For the purpose of system characterization based on comprehensive measurements of cryptographic sequences, we propose a variant map system for a 0–1 stochastic sequence with length N. Multiple segments M are divided from the sequence by a given length m. A 2-tuple pair of measures can be extracted from a 0–1 segment that is the number of a single element and the number of 01 patterns in the segment. All paired measures are composed of a sequence of M pairs of measures as an ordered measuring set with M elements.

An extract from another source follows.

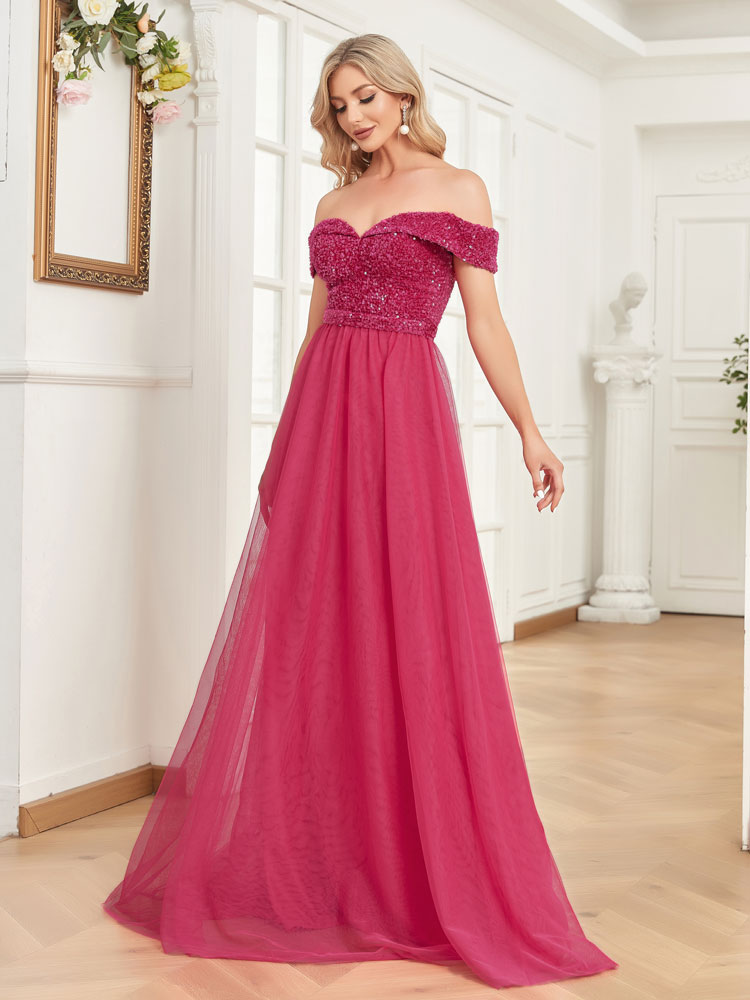 XUIBOL | An off-the-shoulder_sweetheart_neckline_Dresses_Fushia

The pairs of the measuring sequence are directly separated into two independent measuring sequences to keep each parameter in the same order. Applying the pairing scheme of the Poincaré section, one single measuring sequence can be reorganized by two consequent measures as a 2-tuple pair of measures. Two measuring sequences in the Poincaré section and the original pairs of measuring sequence are arranged as the three sequences of 2-tuple measures. So a total of five sequences of distinct measures are constructed including two sequences on single measures and three sequences on 2-tuple measures.

Following this approach, two sets of single measuring sequences are sorted as two 1D numerical arrays as statistical histograms being classic 1D maps and three sets of 2-tuple measuring sequences are sorted as three 2D integer arrays as statistic histograms being three variant maps. Under the controlling operations on the changes of the segment lengths and shift displacements, multiple results of the five measuring sequences are transformed into 1D statistic histograms and 2D pseudo-color maps to show effective speckle patterns from the selected cryptographic sequence under various conditions of the combination on the two controlling parameters.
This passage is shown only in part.